A log is generated during program execution. This is displayed in both the main window of the application and in a separate “App.log” text file located within the application folder.
Extractions will often contain deleted records and images. If a record is deleted, it will clearly show ‘deleted’ below the message. In situations were only a partial record has been obtained and the date is showing as 2005, then the application will provide a warning to the user.
Often with deleted records, although the record is obtained, the original attached image is no longer available within the applications folder. However, past cases have shown that the image can often be found in different areas of the device, including the DCIM folder.

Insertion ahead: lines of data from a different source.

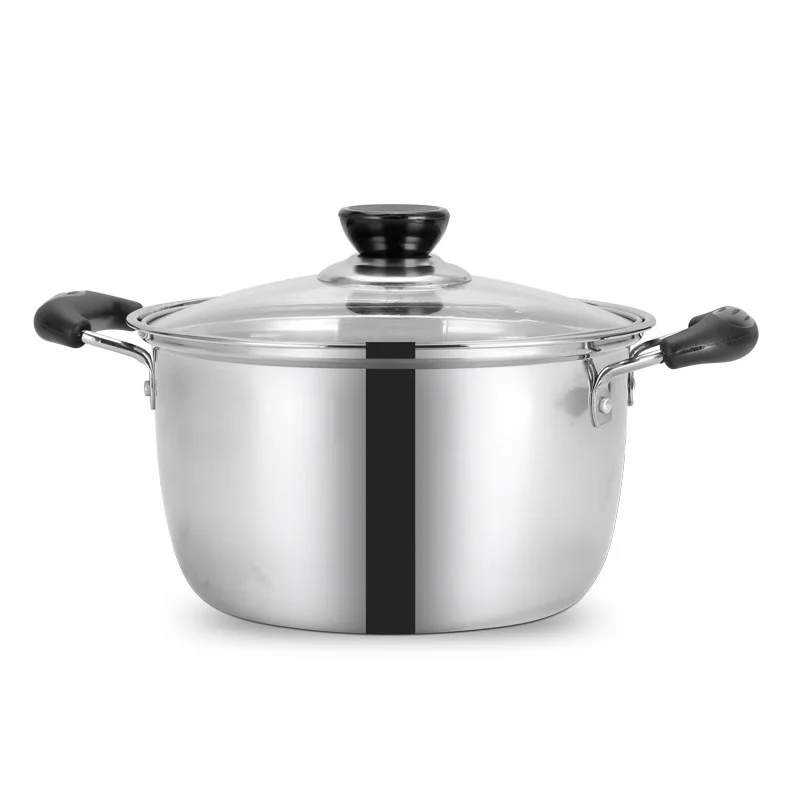 Online Utensilios de cocina olla de acero inoxidable 1.5L 4L olla de sopa de doble base no magnética utensilios de cocina multiusos bandeja antiadherente uso General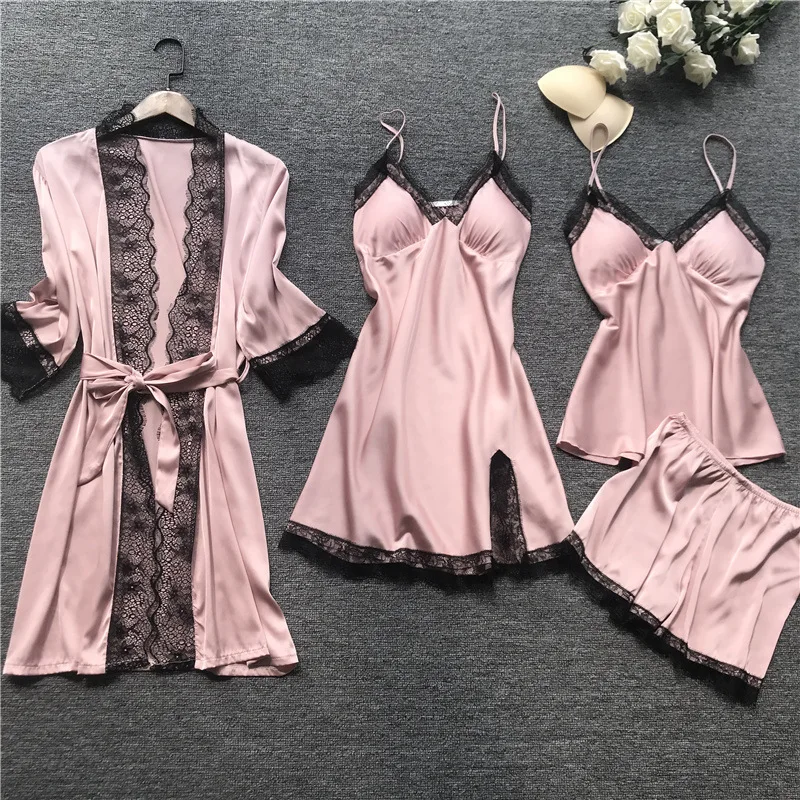 

B16001A Sexy underwear 4 pcs sexy pajamas lace sleepwear for ladies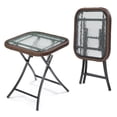thumbnail image 1 of Ktaxon Foldable 17.7" Ratten Patio Side Table with Tempered Glass Top, Folding Sofa End Table with Wicker Decorations for Lawn Garden Balcony Porch Deck Pool (Square, Brown), 1 of 9
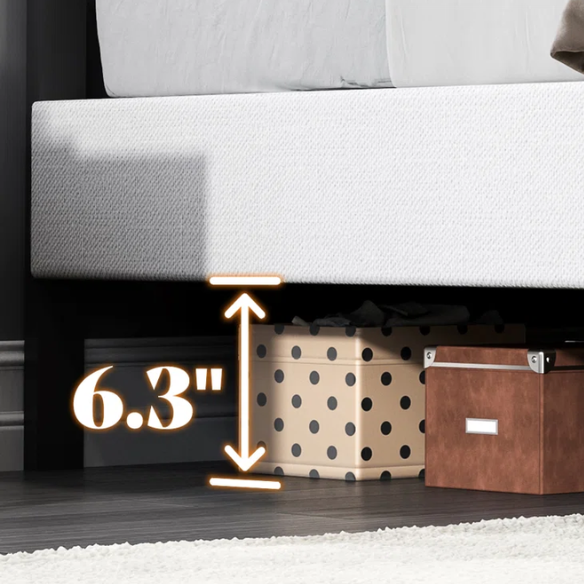 Linen Upholstered Bed Frame – Full/Double Size with Height Adjustable Headboard & 2 Built-In Storage Drawers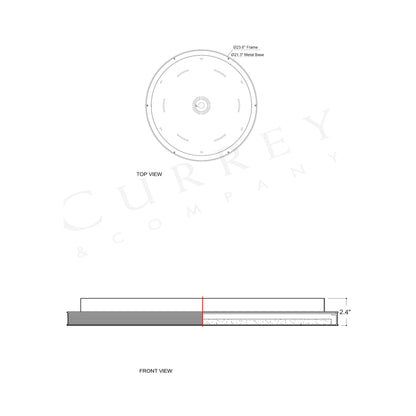 Aydan LED Flush Mount Ceiling Light - line drawing.
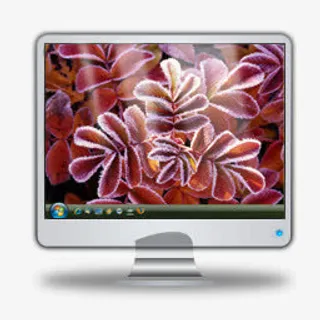 上霜的叶子液晶显示器桌面图片PNG图标免抠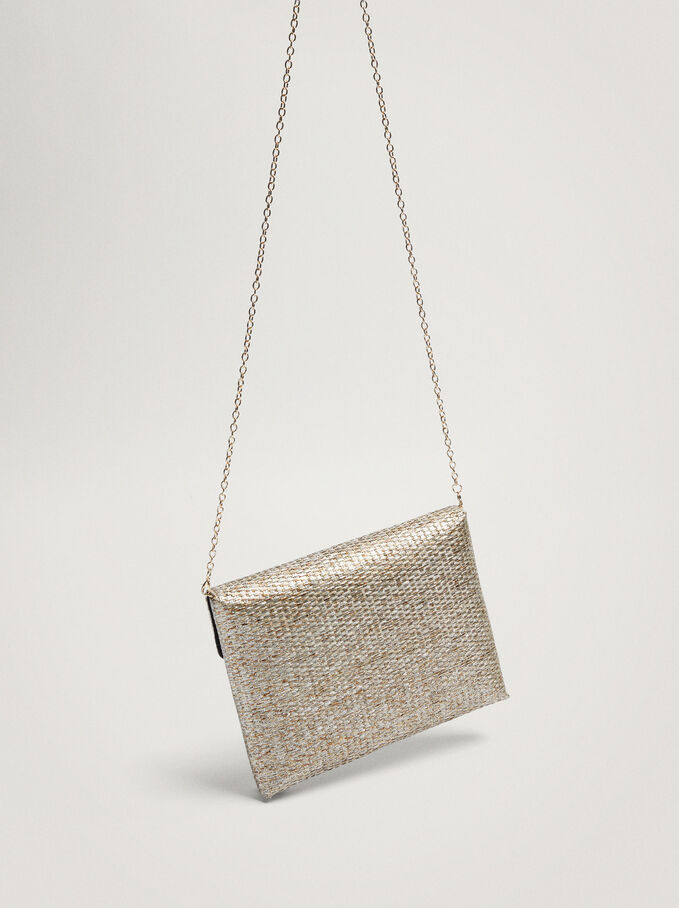 Party Handbag With Chain Strap, Golden, hi-res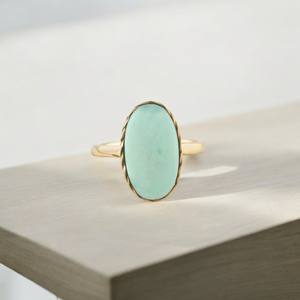Bague en argent sterling 925 faite à la main, belle pierre précieuse de calcédoine chrysoprase naturelle, monture ovale en plaqué or - Product Image 1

For this reason, you have the option to output All Images from the extraction and have the app attempt to find the missing image based on filename. Investigations that rely on the sending/receiving of images as part of the offense will see the most benefit from this feature. Since the image is only matched based on filename, the resulting message will show a thick red border around the images which were found in this manner to clearly show the reader of your report that the image isn’t necessarily the image that was sent or received.
What Type of Chats does this work with?
This application has had limited testing (see Disclaimer below) but is believed to work with all SMS/MMS and Chat conversations exported from UFED PA.
Limited tested has been conducted, so please advise of any “bugs” with information on how to replicate the issues. I will attempt to correct any found “bugs” as soon as possible.
Known issues include:
- Emotion icons – These do not display properly. Instead they are displayed as “??”
- SMS & MMS MUST be exported via Timeline.
- iMessages & Chat Messages MUST be exported via Chat section
Future Plans for Application
My plan with this application is to continue to add new features as requested and fix any bugs/issues discovered.
In the future, I plan to add the ability to:
- Display EXIF data of images
- Highlight messages (that were starred in UFED PA)
- Display Investigator Notes (that were added in UFED PA)
- Customize appearance
- Work with all Chat apps displayed in Cellebrite PA.
However, the creation of an app is time-consuming. I only plan to add updates/changes if there is enough user feedback from the community (you). So if you think this application is useful or could be useful with further fixes and tweaks, please post a comment below.
If you have good test data that you are willing to share, please email me so that I can update the examples with more complex data.
Please always remember, this software product is in BETA TESTING and all information should be confirmed to be accurate prior to use in any criminal or civil proceedings. The author of this software and the sites this software is hosted on do NOT TAKE ANY RESPONSIBILITY FOR INFORMATION BEING INACCURATE. YOU ARE EXPECTED TO TEST AND MANUALLY VALIDATE THE RESULTS EVERY TIME YOU USE THIS SOFTWARE.